And the Wankley Award goes to … Conroy’s net filtering scheme
Won't someone think of the adults? Australia’s march to a Chinese censorship regime took a interesting turn this week when new details emerged on the Rudd Government’s Great Firewall of Australia internet filtering scheme, writes Duncan Riley.
Australia’s march to a Chinese censorship regime took a interesting turn this week when new details emerged on the Rudd Government’s Great Firewall of Australia internet filtering scheme.
Minister Conroy has publicly stated on more than one occasion that Australian internet users would be given a choice to opt-out of the filtered “clean feed.” While an opt-out model has issues itself, such as those opting out becoming potential targets of the State (if you’re not interested in looking at “illegal material”, why opt out), it was at least an out from the dictation of the nanny state on what you could and couldn’t view.
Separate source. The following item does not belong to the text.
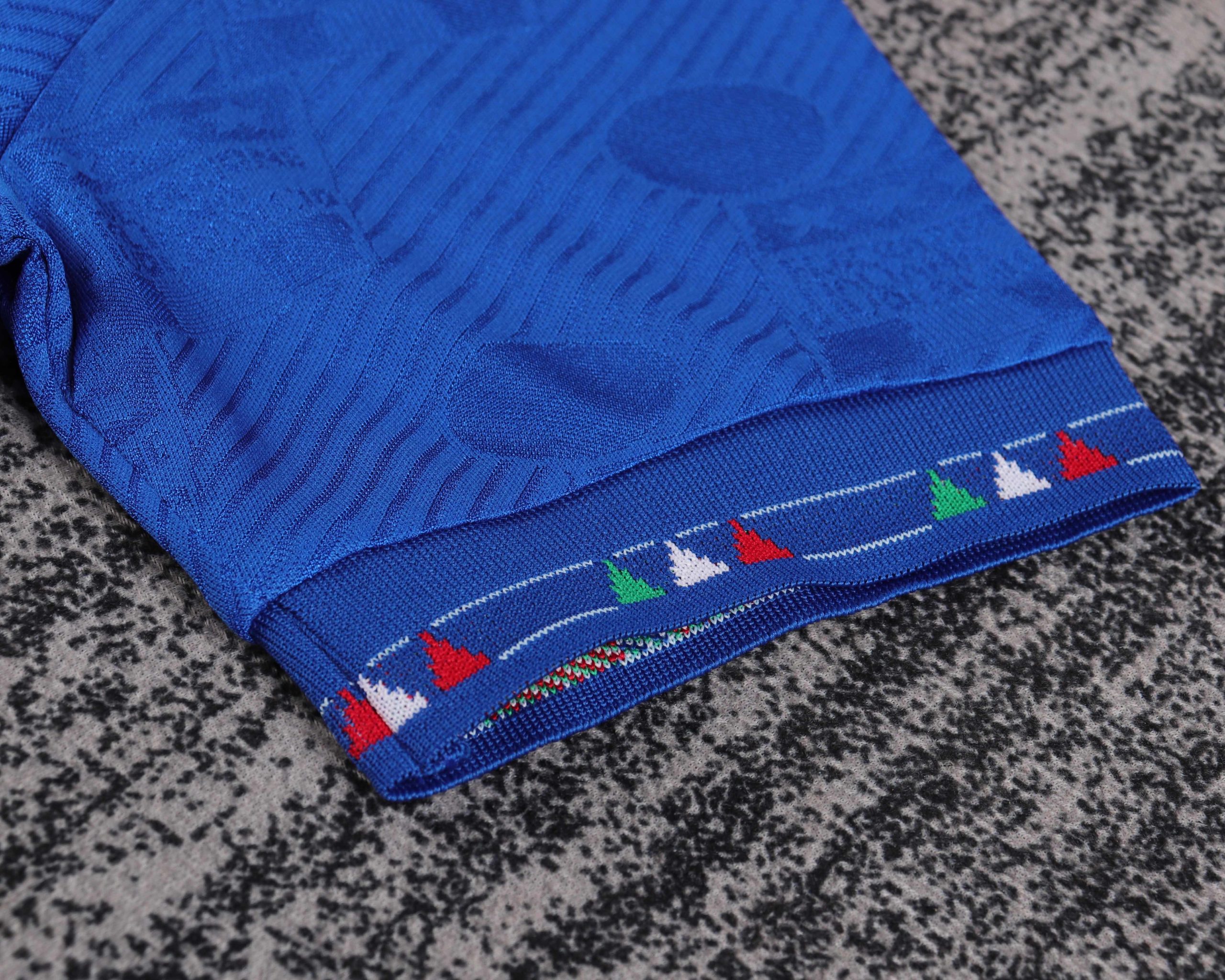 Italy 1994 World Cup Home Kids Kit - Image 5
The bad news, and something the Government has never mentioned until now, is that Australian internet users will not able to opt out of internet filtering. Instead, users will be offered two choices, a “child friendly” feed that blocks lots of things, or a basic list which blocks illegal material, and possibly more, given the Government has previously included “p-rnography and inappropriate material” in the list of things to be blocked.
The Government is fond of yelling kiddie p-rn every time anyone disagrees with their censorship policies, but there’s always been a problem with that line: that content is already illegal, and the AFP works with international agencies to target that content at its source, and to target Australians who view it. The real problem with the censorship regime (besides the economic burdens it will cause) is the extent to which the Government wishes to control what Australians can view online, and its chilling effects on free speech.
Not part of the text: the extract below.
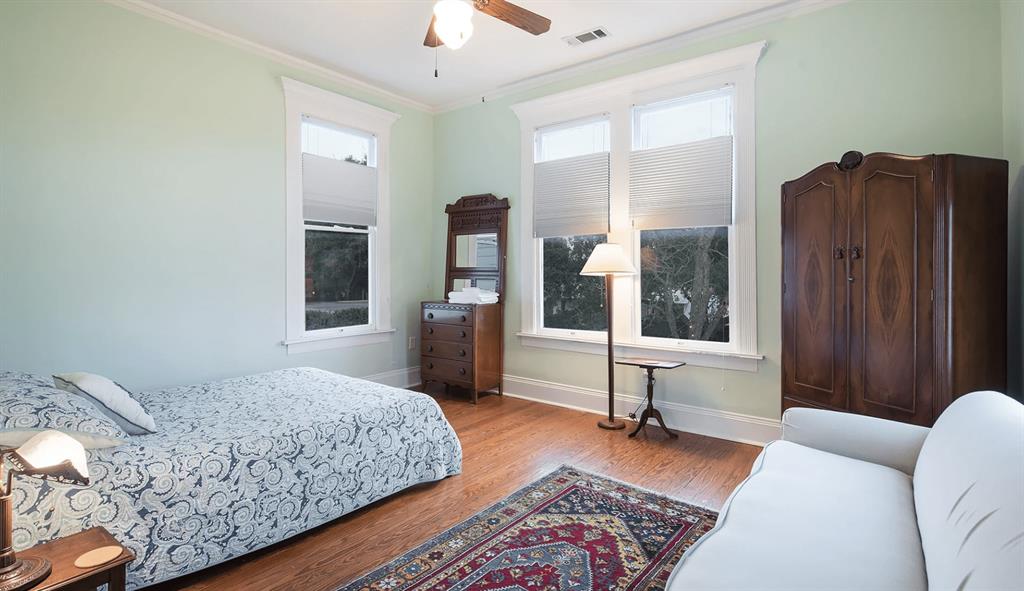 201 W 15th Street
R and X rated p-rnography has already been named by the Government as being included on the list, despite R rated material being readily available in most states in service stations or newsagents. The debate around the rights of adults to view material of this nature, where that material doesn’t involve children, is a debate others can have. But in the context of content being legally available offline, it makes no sense that the internet would be treated differently.
Then there’s our global laughing stock policy towards violent video games. In 2008, consenting adults are unable to purchase in Australia games that do not exeed the categorisation of MA, because we still don’t have a R rating for games. R rated games are illegal in Australia, and by extension, so would any online games that fell into this category.
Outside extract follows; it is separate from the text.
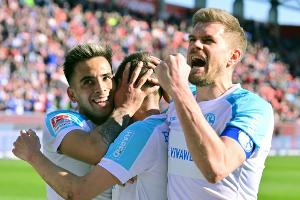 Aufstiegsrennen spitzt sich zu: Schalke und Club melden sich zurück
Games like Postal or Grand Theft Auto may get the headlines, but there is a range of other games and services that will automatically fall into this category. Second Life will be the top of this list. The virtual world contains adult material, some of it unsavoury to the mainstream, and the service has a strict over 18s rule. The problem with Second Life and the internet filter is that you can’t block some content in Second Life, it’s all or nothing.
The effects on broader free speech is where the proposal gets really scary. Australia has some tough rules on what can and cannot be said, some defined under the Racial Discrimination Act, and others under the Crimes Act, and even Defamation laws. The problem in enforcement is the Government deciding on the legality of such material before it has been considered by the courts, which in due process is expected under most existing laws for speech. Laws do not define what you say before you say it, but can prosecute you after the matter.
Could a site be added to the filter due to an offensive or illegal comment left by a reader for example? What if the site was an open forum, and somebody made an offensive entry? The ability to filter out “illegal” content on a page by page basis would be beyond onerous, so we would presume a full site would be banned under the scheme. Site owners could wake up one morning to find themselves completely blocked within Australia, and in the case of Australian online businesses, that could be a fatal move.
Imagine owning a physical shop, to go to work one morning to discover the Government has closed down your business because someone spray painted “illegal” words on your door overnight. No one would stand for this, but this is exactly what the Government is saying it will do to Australian businesses online under this proposal.
The idea of a “clean feed” for children isn’t a bad idea, and strangely enough, a number of large Australian ISPs already offer this service. But for the State to dictate what adults can and cannot view online in such depth can only be compared to China, because it’s a regressive step that goes against the very foundations of free speech in Western democracies.